Still, no one wants to pressure an editor into a premature rejection, so I sat on my hands and waited. For two days. And then I just couldn’t take it anymore. I had to know. I had to query. I had no sponsor to call who could tell me, “Step away from the keyboard. The urge will pass.”

I sent a short polite inquiry, asking where I was in the evaluation process. And then I waited. My mood turned foul. I expected rejection, of course. Who wouldn’t after being rejected as many times as I had? Why would this time be any different? I’m 43 years old. Success had eluded me thus far. Maybe I would never amount to anything. I’d die penniless, husbandless, and 401Kless.

My self-pity rant continued with a vengeance, because once I board the express train to Worthless Loserville, there’s no getting off until I reach my destination.

What a big fat waste of time all this writing crap had been. Time that could have been spent with my son, playing Monopoly and Go Fish. Time I could have used to learn Spanish, or bake cookies, or meditate.

No wonder my father didn’t love me. Who could love a loser like me? No wonder my relationships never work out. How could they? I have a huge “L” branded on my chest, and my name’s not Laverne.

Things that had no rhyme or reason began to enter into the equation at this point.

No wonder my cat throws up every time I feed her. And why I don’t get reception on the TV even though I have one of those converter boxes, which should be called crapola boxes, because they don’t work!  No wonder I was overcharged at the grocery store the other day. Because I am a LOSER.

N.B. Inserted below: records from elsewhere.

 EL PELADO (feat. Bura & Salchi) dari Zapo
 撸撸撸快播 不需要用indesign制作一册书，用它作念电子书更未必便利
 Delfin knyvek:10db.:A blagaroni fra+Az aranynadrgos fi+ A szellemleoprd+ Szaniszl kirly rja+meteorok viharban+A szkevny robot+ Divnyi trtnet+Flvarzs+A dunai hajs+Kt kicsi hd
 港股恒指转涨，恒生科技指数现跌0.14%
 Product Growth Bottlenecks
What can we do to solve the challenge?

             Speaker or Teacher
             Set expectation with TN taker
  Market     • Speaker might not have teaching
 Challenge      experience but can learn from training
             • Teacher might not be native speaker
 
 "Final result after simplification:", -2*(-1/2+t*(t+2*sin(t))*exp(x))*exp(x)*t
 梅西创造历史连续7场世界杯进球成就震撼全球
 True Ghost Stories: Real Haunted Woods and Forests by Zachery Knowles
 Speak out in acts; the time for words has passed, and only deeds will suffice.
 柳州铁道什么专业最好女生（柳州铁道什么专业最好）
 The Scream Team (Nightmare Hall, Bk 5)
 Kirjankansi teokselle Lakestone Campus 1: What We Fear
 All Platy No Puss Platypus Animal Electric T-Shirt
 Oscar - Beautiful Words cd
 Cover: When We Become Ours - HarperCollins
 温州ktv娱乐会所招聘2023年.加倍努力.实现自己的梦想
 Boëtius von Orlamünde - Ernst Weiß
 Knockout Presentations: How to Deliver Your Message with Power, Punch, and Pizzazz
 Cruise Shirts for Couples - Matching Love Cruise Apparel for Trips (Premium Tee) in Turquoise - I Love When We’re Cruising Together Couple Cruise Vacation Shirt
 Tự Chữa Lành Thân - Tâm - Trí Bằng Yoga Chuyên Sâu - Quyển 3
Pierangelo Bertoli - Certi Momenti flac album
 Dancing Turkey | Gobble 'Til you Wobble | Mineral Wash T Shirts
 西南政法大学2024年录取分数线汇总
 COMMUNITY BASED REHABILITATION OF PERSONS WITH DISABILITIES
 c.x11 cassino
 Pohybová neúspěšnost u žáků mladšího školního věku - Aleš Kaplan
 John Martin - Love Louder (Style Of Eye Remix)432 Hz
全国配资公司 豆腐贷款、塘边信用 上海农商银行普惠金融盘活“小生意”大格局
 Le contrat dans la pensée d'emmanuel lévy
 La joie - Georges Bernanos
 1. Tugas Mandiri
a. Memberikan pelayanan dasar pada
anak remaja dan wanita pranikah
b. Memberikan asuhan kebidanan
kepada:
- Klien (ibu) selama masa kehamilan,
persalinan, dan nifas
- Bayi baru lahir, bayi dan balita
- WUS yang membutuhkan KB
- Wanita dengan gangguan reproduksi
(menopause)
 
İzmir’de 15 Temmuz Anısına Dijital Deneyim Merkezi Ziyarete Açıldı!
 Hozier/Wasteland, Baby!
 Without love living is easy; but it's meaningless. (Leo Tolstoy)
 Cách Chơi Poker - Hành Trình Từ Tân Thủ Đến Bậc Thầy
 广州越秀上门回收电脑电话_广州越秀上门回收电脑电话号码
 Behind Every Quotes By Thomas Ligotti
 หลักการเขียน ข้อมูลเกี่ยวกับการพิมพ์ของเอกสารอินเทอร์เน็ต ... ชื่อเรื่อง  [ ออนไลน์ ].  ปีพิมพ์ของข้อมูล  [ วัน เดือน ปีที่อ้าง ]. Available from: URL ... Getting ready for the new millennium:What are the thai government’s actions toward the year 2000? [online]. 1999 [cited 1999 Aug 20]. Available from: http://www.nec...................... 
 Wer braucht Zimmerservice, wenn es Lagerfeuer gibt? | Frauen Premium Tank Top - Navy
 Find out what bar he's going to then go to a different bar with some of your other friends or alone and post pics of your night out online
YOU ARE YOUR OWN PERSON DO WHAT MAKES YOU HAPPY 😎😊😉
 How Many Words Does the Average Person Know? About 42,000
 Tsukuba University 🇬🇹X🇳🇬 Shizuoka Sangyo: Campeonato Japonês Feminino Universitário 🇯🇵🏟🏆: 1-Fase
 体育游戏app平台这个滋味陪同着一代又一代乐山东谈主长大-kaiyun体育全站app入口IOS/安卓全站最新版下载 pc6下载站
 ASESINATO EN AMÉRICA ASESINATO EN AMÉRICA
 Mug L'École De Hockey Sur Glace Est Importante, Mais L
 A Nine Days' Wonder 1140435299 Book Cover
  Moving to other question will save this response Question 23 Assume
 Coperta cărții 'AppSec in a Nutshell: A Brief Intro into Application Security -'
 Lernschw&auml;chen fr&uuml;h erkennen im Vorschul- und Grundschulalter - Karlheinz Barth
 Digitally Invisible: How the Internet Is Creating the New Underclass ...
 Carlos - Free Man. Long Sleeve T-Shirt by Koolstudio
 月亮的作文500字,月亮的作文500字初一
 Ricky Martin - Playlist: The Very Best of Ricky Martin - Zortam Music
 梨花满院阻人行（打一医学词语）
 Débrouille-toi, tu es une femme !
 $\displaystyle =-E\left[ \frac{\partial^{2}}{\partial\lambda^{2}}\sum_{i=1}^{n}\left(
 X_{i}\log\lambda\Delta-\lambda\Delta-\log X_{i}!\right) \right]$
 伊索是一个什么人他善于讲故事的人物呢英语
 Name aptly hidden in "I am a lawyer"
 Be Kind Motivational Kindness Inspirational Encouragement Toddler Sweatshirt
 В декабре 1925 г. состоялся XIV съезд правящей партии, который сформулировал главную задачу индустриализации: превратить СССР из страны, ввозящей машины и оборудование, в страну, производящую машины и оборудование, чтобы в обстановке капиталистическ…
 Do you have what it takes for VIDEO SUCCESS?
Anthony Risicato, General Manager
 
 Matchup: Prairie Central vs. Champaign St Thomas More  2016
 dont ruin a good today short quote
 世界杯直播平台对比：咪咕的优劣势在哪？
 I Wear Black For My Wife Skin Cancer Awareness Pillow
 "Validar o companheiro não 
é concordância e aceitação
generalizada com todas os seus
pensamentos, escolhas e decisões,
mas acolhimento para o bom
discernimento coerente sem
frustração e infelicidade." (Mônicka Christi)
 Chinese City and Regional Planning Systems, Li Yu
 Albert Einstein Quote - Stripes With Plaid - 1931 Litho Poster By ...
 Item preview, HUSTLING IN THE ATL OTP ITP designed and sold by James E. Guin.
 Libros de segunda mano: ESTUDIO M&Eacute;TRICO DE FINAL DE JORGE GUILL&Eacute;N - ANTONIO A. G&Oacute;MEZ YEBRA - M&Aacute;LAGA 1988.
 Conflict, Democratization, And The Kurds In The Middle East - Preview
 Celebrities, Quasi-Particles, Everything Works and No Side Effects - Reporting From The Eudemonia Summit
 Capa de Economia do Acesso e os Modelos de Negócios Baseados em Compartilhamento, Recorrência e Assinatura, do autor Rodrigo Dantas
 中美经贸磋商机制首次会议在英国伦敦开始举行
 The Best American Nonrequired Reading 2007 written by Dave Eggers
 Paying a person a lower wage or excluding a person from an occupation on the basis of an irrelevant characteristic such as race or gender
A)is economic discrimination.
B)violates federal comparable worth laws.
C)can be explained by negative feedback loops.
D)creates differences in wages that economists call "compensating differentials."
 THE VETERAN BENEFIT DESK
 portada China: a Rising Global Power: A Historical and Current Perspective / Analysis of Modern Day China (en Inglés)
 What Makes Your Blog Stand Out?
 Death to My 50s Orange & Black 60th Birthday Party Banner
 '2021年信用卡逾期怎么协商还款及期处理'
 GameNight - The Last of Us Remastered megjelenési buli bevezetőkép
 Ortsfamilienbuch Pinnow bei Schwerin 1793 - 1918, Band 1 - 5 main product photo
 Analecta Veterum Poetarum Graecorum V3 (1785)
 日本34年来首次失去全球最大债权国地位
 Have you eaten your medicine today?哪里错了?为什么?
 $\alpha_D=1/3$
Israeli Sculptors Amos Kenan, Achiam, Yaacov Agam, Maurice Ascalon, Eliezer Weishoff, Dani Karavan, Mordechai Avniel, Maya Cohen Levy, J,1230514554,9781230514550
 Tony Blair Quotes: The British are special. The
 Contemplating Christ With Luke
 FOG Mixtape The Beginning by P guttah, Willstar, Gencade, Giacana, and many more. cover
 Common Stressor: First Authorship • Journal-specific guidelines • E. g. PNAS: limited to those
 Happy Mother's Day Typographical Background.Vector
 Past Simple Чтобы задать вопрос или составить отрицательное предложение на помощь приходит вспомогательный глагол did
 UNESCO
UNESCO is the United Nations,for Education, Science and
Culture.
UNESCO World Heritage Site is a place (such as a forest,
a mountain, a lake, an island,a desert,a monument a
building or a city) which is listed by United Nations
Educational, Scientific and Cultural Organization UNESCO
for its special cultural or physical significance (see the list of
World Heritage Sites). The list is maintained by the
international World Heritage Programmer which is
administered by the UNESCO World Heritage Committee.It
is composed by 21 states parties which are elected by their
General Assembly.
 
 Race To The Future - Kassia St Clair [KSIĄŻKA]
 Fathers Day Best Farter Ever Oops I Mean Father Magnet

I checked my email for the 500th time that day. Finally, there was the email that held my fate.

I took a few deep breaths. The longer I waited to open that email, the longer I was able to hold onto the elusive emotion of HOPE. Hope is like a beautiful soaring butterfly that can quickly transform itself into an ugly cockroach, smushed by a steel-toed boot at a moment’s notice.

“I have submitted a request for contract from the senior editor of the contemporary line.” Did my eyes deceive me? Were these words of acceptance? Well, almost…I suppose if I had waited longer to query I might have received an email offering an actual contract. It would have been the equivalent of “THE CALL.” But that’s what happens when you’re impatient. No matter. I’ll take this.

The heavens opened up. Colors became brighter. I had a spring in my step, and a smile on my face. It was like the feeling of being in love – only better, because there was no man involved. It was a sense of validation; all my hard work coming to fruition. One person other than my mother liking and appreciating my novel. See Dad, I’m not a loser. I can actually string sentences together to create a story that someone “enjoyed immensely.”

There is the slight chance a contract might not come through for me. The pessimist in me says, “Ain’t nothin’ final till you sign on the dotted line.” But for right now I’m walking on sunshine and feeling worthy.